As a Strategic Business Leader, you have seen fire extinguishers at your business premises. Have you ever thought that Is this fire protection equipment ready to use and as per the current applicable BIS standard? To make sure, take a moment to brush up on five things you need to know about fire extinguishers. Remember Fire accidents happen because of a lack of knowledge and ignorance.
Extinguishers Are Designed for Specific Types of Fires
It is critical to understand the Classification of Fires. Since the Type of Fire Extinguisher applied depends on its suitability for the Class of Fire. An extinguisher is effective only for the class of fire that it is intended for, there is no one type of fire extinguisher that is universally acceptable for all classes of fire. Careful consideration needs to be given while selecting the most suitable type of fire extinguisher.

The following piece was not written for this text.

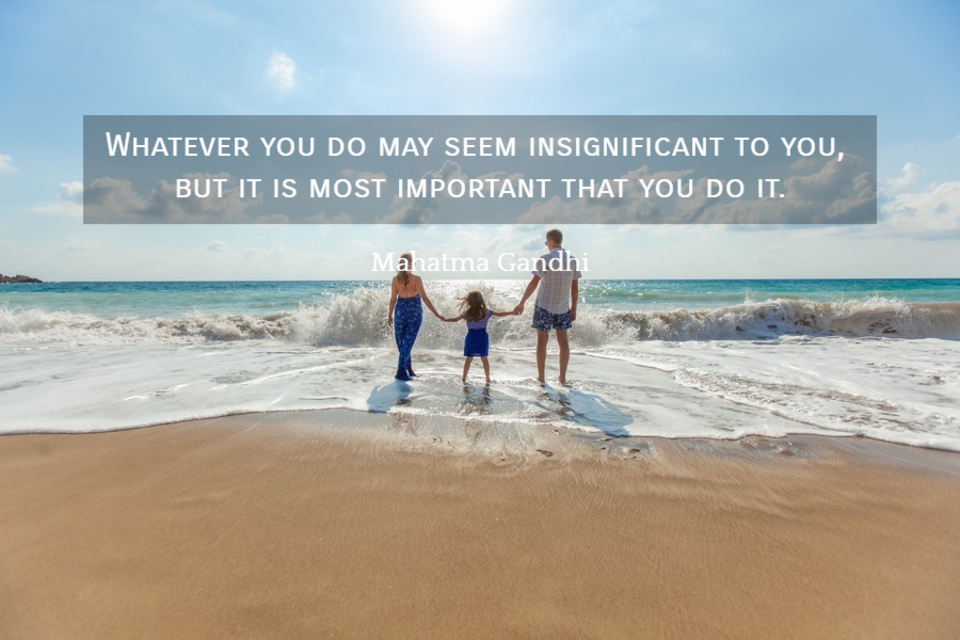 1516607901424-whatever-you-do-may-seem-insignificant-to-you-but-it-is-most-important-that-you-do-it.jpg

The classification of fire is briefly explained below,
Class A – Fires involving solid combustible materials such as wood, paper, rubber, plastics
Class B – Fires involving flammable liquids or liquefiable solids
Class C – Fires involving flammable gases under pressure including liquefied gases
Class D – Fires involving reactive metals such as Magnesium, Aluminium, Zinc, Sodium, Potassium
Class F – Fires involving cooking media like vegetable or animal oils and fats in cooking appliances
And Fires involving energized electrical conductors
Types of Fire extinguishers with the suitability of operation on the fire class is mentioned here,
- Water type fire extinguishers are suitable for Class A fires
- Foam type fire extinguishers are suitable for Class A and Class B fires
- Sodium Bicarbonate dry chemical fire extinguishers are suitable for Class B, and Class C fires.
- Mono Ammonium Phosphate dry chemical fire extinguishers are suitable for Class A, Class B, and Class C fires.

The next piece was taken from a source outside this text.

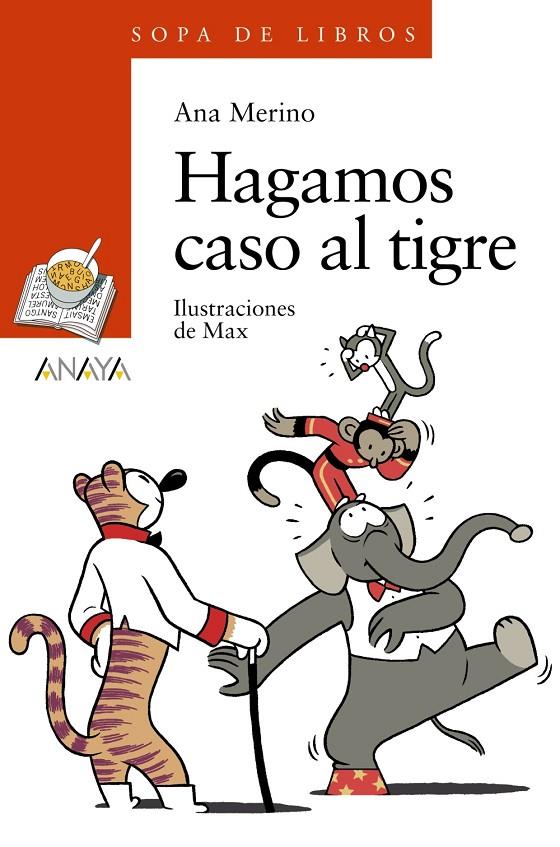 HAGAMOS CASO AL TIGRE | 9788466793001 | MERINO, ANA | Llibreria Online de Banyoles | Comprar llibres en català i castellà online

- Water mist fire extinguishers are suitable for environments with sensitive equipment that could be damaged by dry chemical powder fire extinguishers.
- Clean agent fire extinguishers are suitable for Class A, Class B, and Class C, and electrically induced fires.
- Wet Chemical fire extinguishers are suitable for Class F (edible oil/grease) fires in kitchens.
- Carbon dioxide fire extinguishers are suitable for Class B and C fires.
- Tri Eutectic Chloride fire extinguishers are suitable for Class D (combustible reactive metals) fires.
BIS 2190 recommends Monthly Fire Extinguisher Inspections
The most critical inspections are those performed once a year by a professional fire safety service vendor. However, the BIS 2190 recommends monthly visual inspections as well. Fortunately, you can assign a staff member to perform this task with no rigorous training needed. These inspections include:
- Confirming the presence and location of each fire extinguisher
- Ensuring the extinguisher has no apparent signs of damage or tampering
- Checking the pressure gauge
- Making sure the operating instructions are legible
Fire Extinguishers Must be Refilled After Every Use
Maintaining fully charged fire extinguishers is a vital part of keeping your premises safe. If a fire extinguisher was used recently with a small discharge of extinguishing agent to fight a fire, or accidental discharge took place, make it a priority to refill the fire extinguisher so it’s ready for operation in case of a fire emergency. Fire Safety or admin team can prepare the maintenance, refilling, and hydro pressure test schedule as per annexures provided in IS 2190 code of practice.
Fire Extinguishers Don’t Last Forever
While extinguishers have an expiration date, it’s important to replace the same after completion of their lifecycle. As per IS 2190, every fire extinguisher has a defined lifespan (15 Years for CO2 Types and 10 Years for all other types of fire extinguishers). Fire extinguishers to be replaced in accordance with BIS 2190 guidelines.
You Must Dispose of Fire Extinguishers Properly
When it’s time to dispose of an old extinguisher, you can’t just throw it in the trash. The organization shall ensure the safe disposal of fire extinguishers after a fire extinguisher completes its lifespan. Fire extinguishers shall be marked unusable before disposal, so as to prohibit subsequent use.
If the extinguisher is fully or partially charged, call an authorized extinguisher service agency and request the fire extinguisher disposal. Ask for a certificate of disposal mentioning the serial nos. of cylinders from the agency.
If disposal service is not available, operate the fire extinguisher in an open environment. After the fire extinguisher is fully discharged, disengage the valve slowly to ensure the release of residual pressure. Dissemble components of the fire extinguisher. Send the cylinder and other parts to the metal recycler for scrapping. Note the date of rejection and the mode disposal with serial numbers in the register. For mostly or entirely full extinguishers, call your local fire department and inquire about dropping off old canisters at the firehouse. If this isn’t an option, take your extinguisher to a hazardous waste disposal facility.